The amendments to the Indenture described in this Section 1.2 will automatically be operative to amend the Indenture on the Supplemental Indenture Operative Date, as set forth under Section 1.4 below. For the avoidance of doubt, unless and until the Supplemental Indenture Operative Date occurs, the amendments set forth in this Section 1.2 will not become operative, and the terms of the Indenture will remain as in effect on the date hereof.
Section 1.3. - Covenants.
Effective on and after the Supplemental Indenture Operative Date, Section 905 (Limitation on Liens) of the Indenture is hereby amended and restated in its entirety to read as follows:
The Company will not, and will not permit any Restricted Subsidiary to mortgage, pledge, or create (by merger or otherwise) any lien, security interest, conditional sale or other title retention agreement or other similar encumbrances (“Liens”) upon any of their respective assets, other than Permitted Liens, unless the Securities shall be secured at least equally and ratably with the Indebtedness thereby secured (for the purpose of providing such equal and ratable security the principal amount of the Securities shall mean and shall not be less than that principal amount which could be declared to be due and payable pursuant to Section 502 on the date of the making of such effective provision and the extent of such equal and ratable security shall be adjusted, to the extent permitted by law, as and when said principal amount changes over time pursuant to Section 502 and any other provision hereof) so long as any such Indebtedness is so secured.
If the Company shall hereafter be required to secure the Securities at least equally and ratably with any other Indebtedness pursuant to this Section, (i) the Company will promptly deliver to the Trustee and Officers’ Certificate stating that such covenant has been complied with and an Opinion of Counsel stating that in the opinion of such counsel such covenant has been complied with and that any instruments executed by the Company or any Restricted Subsidiary in the performance of such covenant comply with the requirements of such covenant, and (ii) the Trustee is hereby authorized to enter into an indenture or agreement supplemental hereto and to take such action, if any, as it may deem advisable to enable it to enforce the rights of the Holders so secured.
The amendments to the Indenture described in this Section 1.3 will automatically be operative to amend the Indenture with respect to the Notes on the Supplemental Indenture Operative Date, as set forth under Section 1.4 below.
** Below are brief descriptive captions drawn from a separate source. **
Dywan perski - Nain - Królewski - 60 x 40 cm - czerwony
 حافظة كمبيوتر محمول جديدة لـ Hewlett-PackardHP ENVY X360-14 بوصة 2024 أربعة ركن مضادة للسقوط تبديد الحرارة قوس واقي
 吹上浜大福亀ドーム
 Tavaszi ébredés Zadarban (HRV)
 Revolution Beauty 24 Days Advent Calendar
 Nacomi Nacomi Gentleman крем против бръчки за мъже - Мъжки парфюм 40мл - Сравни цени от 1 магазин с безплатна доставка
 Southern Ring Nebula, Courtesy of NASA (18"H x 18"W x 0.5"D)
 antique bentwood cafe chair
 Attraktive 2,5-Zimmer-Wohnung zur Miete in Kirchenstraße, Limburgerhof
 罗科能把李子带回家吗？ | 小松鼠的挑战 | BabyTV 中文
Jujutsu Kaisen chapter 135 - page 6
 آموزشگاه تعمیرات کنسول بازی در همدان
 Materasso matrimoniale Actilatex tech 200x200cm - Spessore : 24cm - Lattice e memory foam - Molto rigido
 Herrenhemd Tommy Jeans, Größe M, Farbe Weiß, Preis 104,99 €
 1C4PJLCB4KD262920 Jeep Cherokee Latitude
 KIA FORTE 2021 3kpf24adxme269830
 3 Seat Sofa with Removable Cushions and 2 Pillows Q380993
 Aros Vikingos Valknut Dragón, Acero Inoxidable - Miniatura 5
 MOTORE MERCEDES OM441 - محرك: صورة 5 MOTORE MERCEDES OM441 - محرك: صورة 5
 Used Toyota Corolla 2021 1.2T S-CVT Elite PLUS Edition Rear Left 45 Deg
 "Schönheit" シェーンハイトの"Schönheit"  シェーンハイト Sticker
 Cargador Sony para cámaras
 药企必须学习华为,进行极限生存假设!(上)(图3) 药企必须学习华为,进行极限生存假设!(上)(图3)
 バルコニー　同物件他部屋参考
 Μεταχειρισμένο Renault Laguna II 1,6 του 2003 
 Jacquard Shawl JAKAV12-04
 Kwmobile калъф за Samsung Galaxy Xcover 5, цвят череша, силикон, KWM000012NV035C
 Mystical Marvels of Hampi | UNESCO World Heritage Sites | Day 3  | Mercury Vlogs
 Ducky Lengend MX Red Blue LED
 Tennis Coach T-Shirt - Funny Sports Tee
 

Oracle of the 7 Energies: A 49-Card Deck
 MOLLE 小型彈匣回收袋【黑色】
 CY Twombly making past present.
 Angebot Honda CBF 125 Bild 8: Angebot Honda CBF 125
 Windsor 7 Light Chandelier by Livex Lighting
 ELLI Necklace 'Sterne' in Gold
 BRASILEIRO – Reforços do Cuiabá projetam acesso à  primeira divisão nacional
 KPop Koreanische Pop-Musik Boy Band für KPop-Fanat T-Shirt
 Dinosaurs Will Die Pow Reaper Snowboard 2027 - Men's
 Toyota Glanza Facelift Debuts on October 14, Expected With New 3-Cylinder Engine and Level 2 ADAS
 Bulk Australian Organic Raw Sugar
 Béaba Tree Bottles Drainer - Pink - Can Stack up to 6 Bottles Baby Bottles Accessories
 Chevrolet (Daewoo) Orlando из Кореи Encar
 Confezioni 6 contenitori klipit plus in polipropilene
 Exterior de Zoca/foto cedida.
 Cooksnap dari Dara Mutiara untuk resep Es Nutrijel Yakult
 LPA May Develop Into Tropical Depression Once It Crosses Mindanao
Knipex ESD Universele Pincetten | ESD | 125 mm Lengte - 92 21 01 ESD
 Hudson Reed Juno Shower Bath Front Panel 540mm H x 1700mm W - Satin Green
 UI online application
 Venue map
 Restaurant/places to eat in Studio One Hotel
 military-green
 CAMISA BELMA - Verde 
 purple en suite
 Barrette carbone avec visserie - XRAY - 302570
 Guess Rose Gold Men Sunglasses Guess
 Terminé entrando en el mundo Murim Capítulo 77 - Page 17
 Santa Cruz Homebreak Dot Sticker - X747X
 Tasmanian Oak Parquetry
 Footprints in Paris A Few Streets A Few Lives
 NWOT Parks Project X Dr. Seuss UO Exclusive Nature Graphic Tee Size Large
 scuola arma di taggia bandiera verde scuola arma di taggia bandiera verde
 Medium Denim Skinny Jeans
For the avoidance of doubt, unless and until the Supplemental Indenture Operative Date occurs, the amendments set forth in this Section 1.3 will not become operative with respect to the Notes, and the terms of the Indenture will remain as in effect on the date hereof.
Section 1.4. - Operative Date.
The amendments in Sections 1.2 and 1.3 will become operative as of the date and time (the “Supplemental Indenture Operative Date”) the Company shall have made the payment of the Consent Fee (as defined in the Consent Solicitation Statement).
The Company agrees to notify the Trustee in writing of the occurrence of the Supplemental Indenture Operative Date promptly after the occurrence thereof. Unless and until the Trustee receives any such notification, the Trustee may conclusively presume that the amendments in Sections 1.2 and 1.3 shall not have become operative.
ARTICLE II. MISCELLANEOUS.
Section 2.1. - Reference to and Effect on the Indenture.
This Supplemental Indenture shall be construed as supplemental to the Indenture and all of the terms and conditions of this Supplemental Indenture shall be deemed to be part of the terms and conditions of the Indenture. Except as set forth herein, the Indenture heretofore executed and delivered is hereby (a) incorporated by reference in this Supplemental Indenture and (b) ratified, confirmed and approved.
Section 2.2. - Supplemental Indenture May be Executed in Counterparts.
This instrument may be executed in any number of counterparts, each of which shall be an original, but such counterparts shall together constitute but one and the same instrument.
Section 2.3. - Effect of Headings.
The Article and Section headings herein are for convenience only and shall not affect the construction hereof.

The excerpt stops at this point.